This is the best way to train long as you balance these hard days with easier ones.


----------



## CyclingVirtual (Apr 10, 2008)

if you can last 2 hours then you are doing well to their standard already.

It will just be a bit more base training and longer rides and maybe consider if it fuel related as well.


----------



## muscleendurance (Jan 11, 2009)

bill said:


> unless you are extremely disciplined and know exactly what you are doing, either for yourself or through a knowledgeable coach, riding with your betters is the fastest and best way to improve.
> make sure you get rest. if a little more rest helps you to last with those fellows for the third or fourth hour, you probably would benefit more. and watch mental burnout from going too hard on the days you aren't riding with those dudes.
> the progression:
> omg. can't see. want to throw up. dropped.
> ...



again +1 bill, very good advice here newbie! - follow it wisely


----------



## mimason (Oct 7, 2006)

Take heed on the well rested advise. I popped off a hard ride after 25 miles the other day that I usually am one of several inflicting the pain on others.
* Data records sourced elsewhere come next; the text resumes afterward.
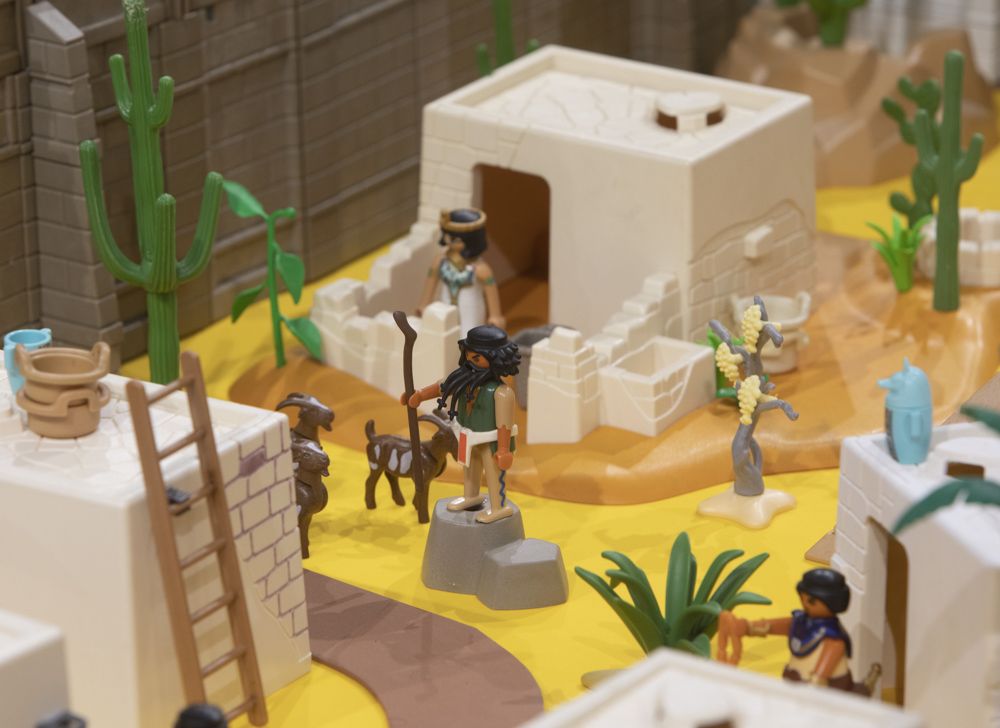 Así es el Belén hecho con figuras de Playmobil en Puçol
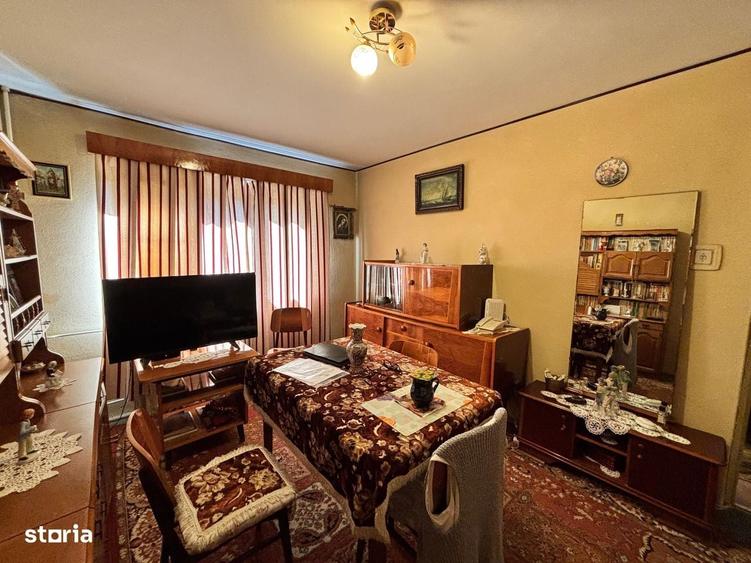Apartament cu 3 camere decomandat în Nord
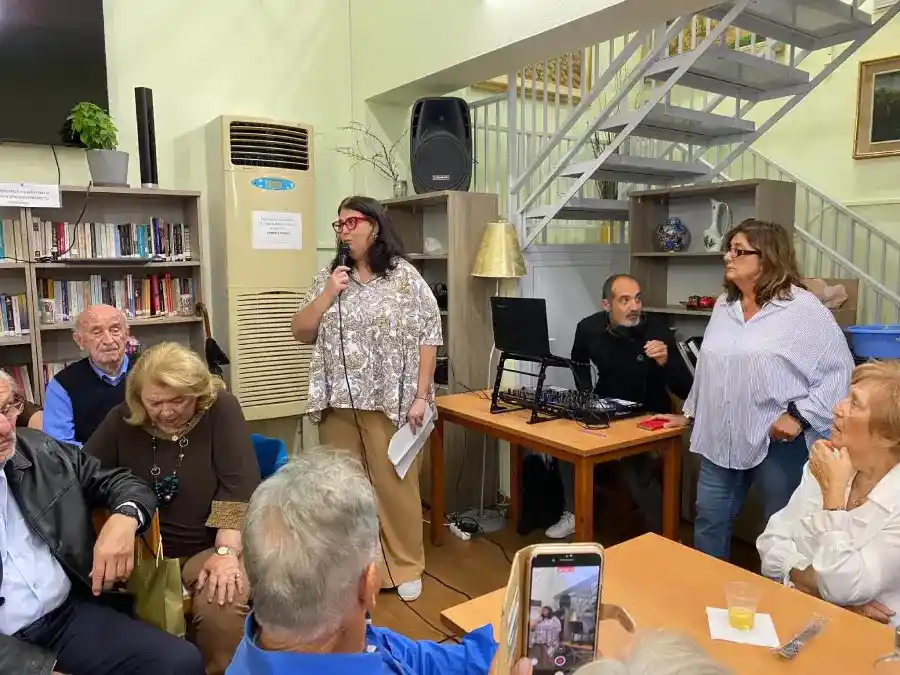 Τα μέλη του Α' ΚΑΠΗ Αλίμου κατά τον εορτασμό της Παγκόσμιας Ημέρας Τρίτης Ηλικίας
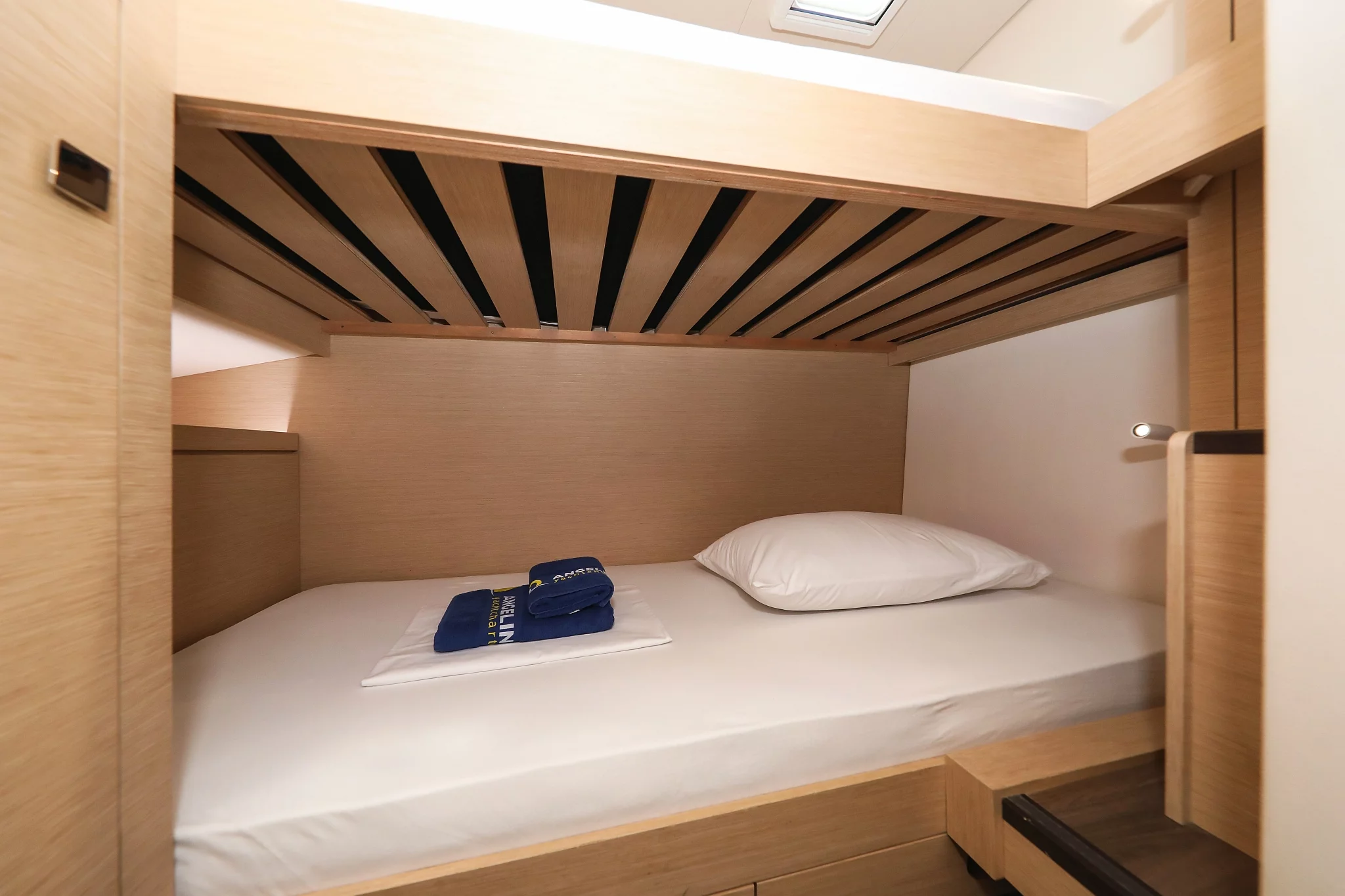 Fountaine Pajot Saona 47 Quintet - 5 + 1 cab. (Tamara V)  - 31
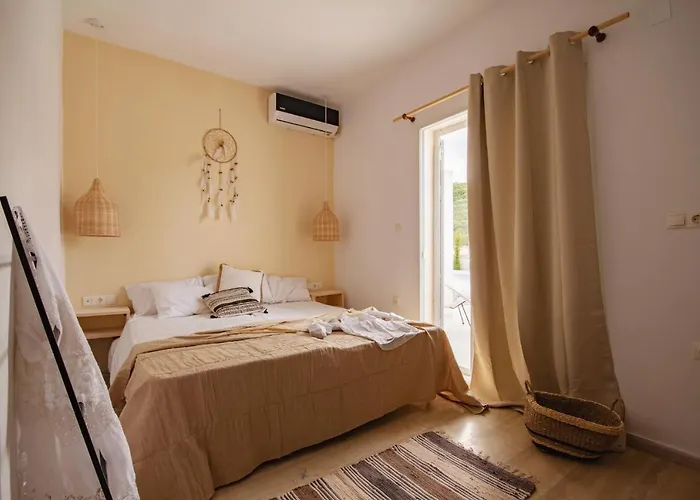 Olive Grove Boutique ホテル 4*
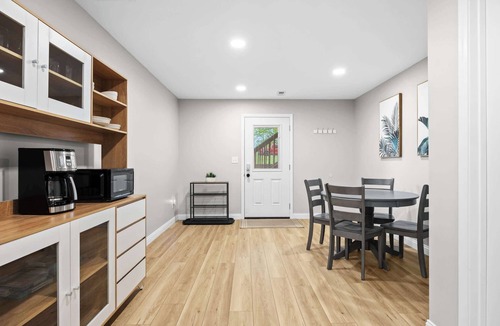 Clarksville House | Exclusive family-friendly retreat near Louisville!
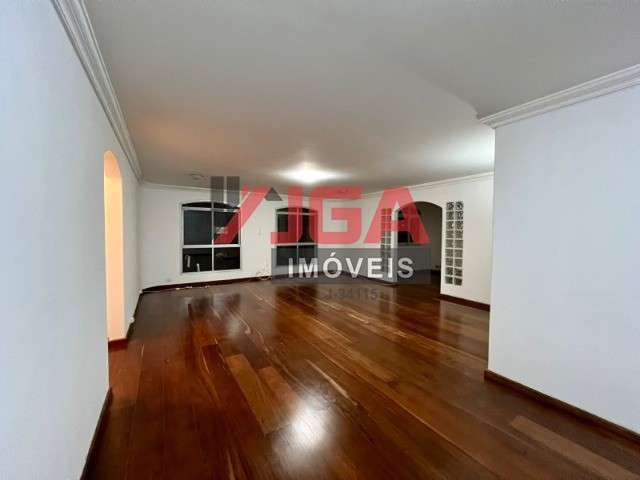 Apartamento 4 dormitórios, 1 suíte, 169 m, sala com 3 ambientes, ampla cozinha e copa, dependência de empregada e duas vagas. Ótima localização no Jardim Marajoara, rua com todos os serviços e comerci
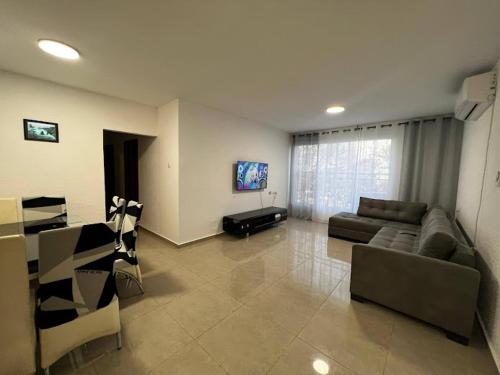 Isramax 3BR apartment near the sea. in Bat Yam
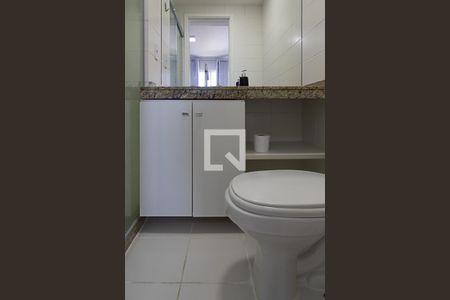 Apartamento à venda com 148m², 2 quartos e 2 vagas Apartamento à venda com 148m², 2 quartos e 2 vagasBanheiro da suíte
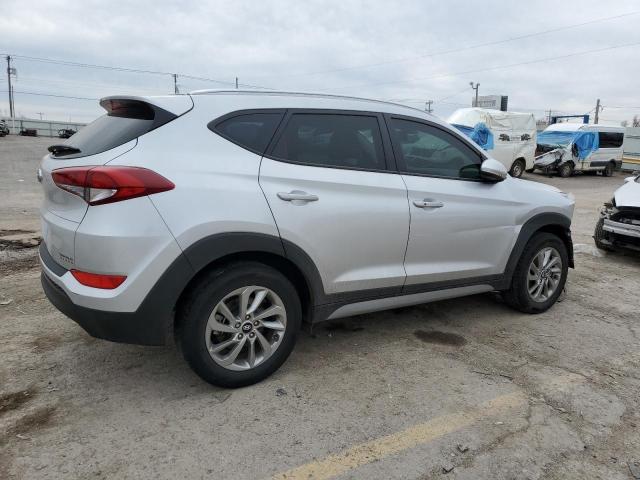 KM8J33A45JU633033 - 2018 HYUNDAI TUCSON SEL SILVER photo 3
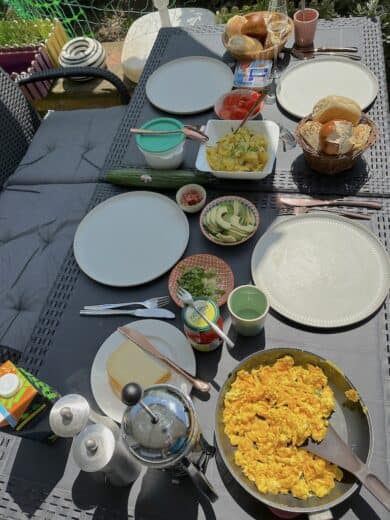 Leckerer Brunch, unter anderem mit Rührei aus frisch gelegten Eiern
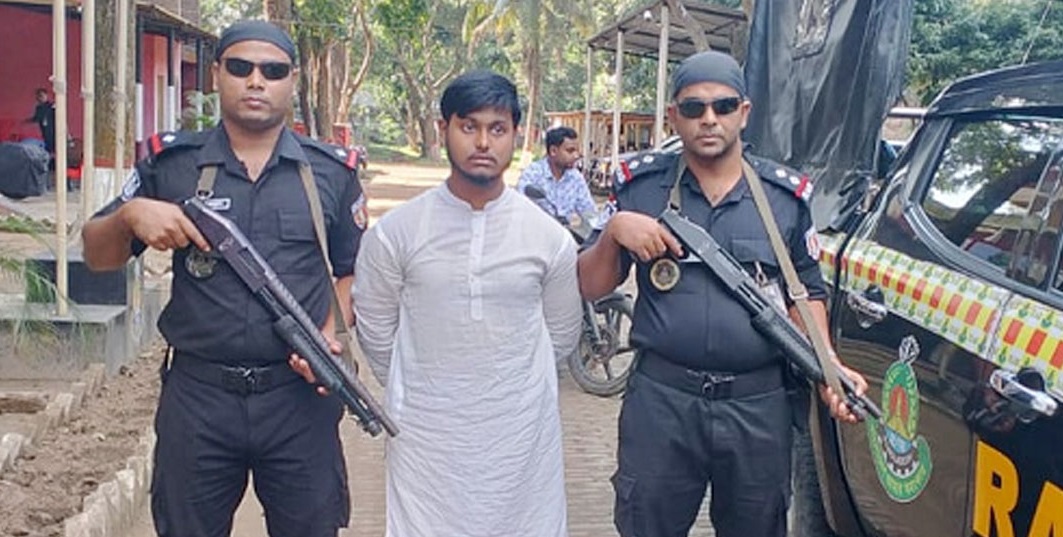 মাকে হত্যা করে ডিপ ফ্রিজে রাখলেন ছেলে, সাজালেন ডাকাতির নাটক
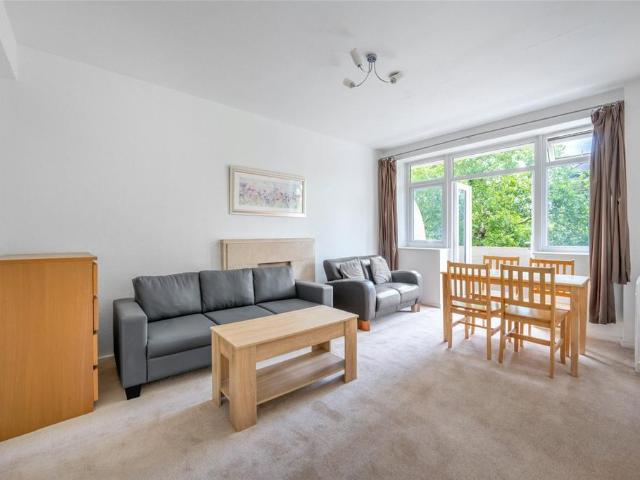 Flat for sale in St. John's Wood, Greater London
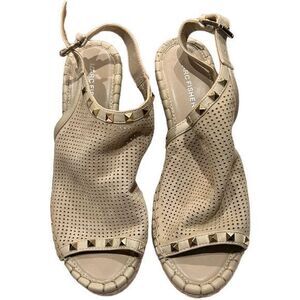 Marc Fisher Senton Laser Cut Perforated Studded Wedge Sandals‎ Tan Size 7.5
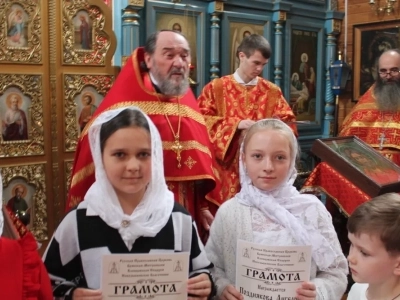 В Неделю 4-ю по Пасхе, Благочинный Новозыбковского церковного округа вручил заслуженные награды победителям благочиннического этапа конкурса детского творчества «Светлая Пасха» и возглавил служение Божественной литургии в храме в честь Рождества Пресвятой Богородицы города Новозыбкова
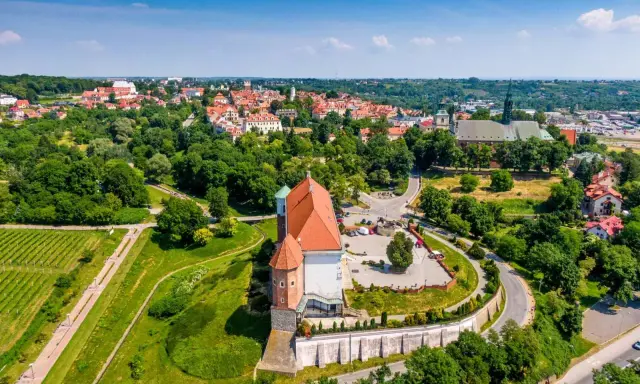Sandomierz nad Wisłą, zamek i miasto w zieleni. Widok z lotu ptaka na zabytkowe budowle i malownicze krajobrazy.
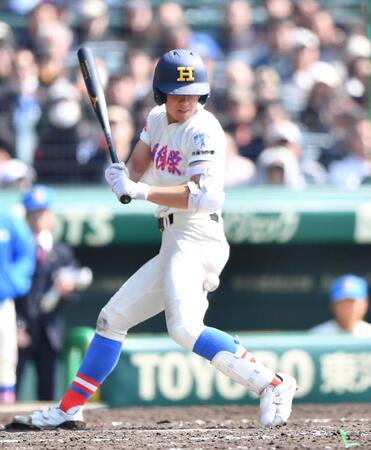 花咲徳栄が珍事から逆転成功　打者がストライクカウント間違えベンチへ→慌てて戻り左前打　押し出し死球などで試合をひっくり返す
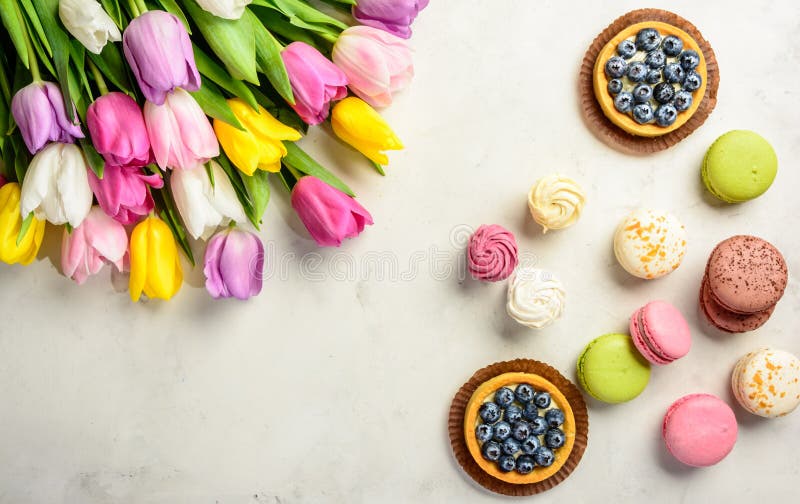 Blumenstrauß von Tulpen auf weißem Hintergrund Beschneidungspfad eingeschlossen lizenzfreie stockbilder Blumenstrauß von Tulpen auf weißem Hintergrund Beschneidungspfad eingeschlossen lizenzfreie stockbilder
I went too hard after two TT's during the week. My body said rest but my buddy said come on....big mistake. BONK! Now I have to take a few day off and do some spin only rides.


----------



## muscleendurance (Jan 11, 2009)

If you do race, AND your doing these 2 V hard rides as well then it probably would burn you out after a while, especially if you didnt rest enough between these rides and any races.


----------



## 88 rex (Mar 18, 2008)

2 hours at A group pace = GOOD!


----------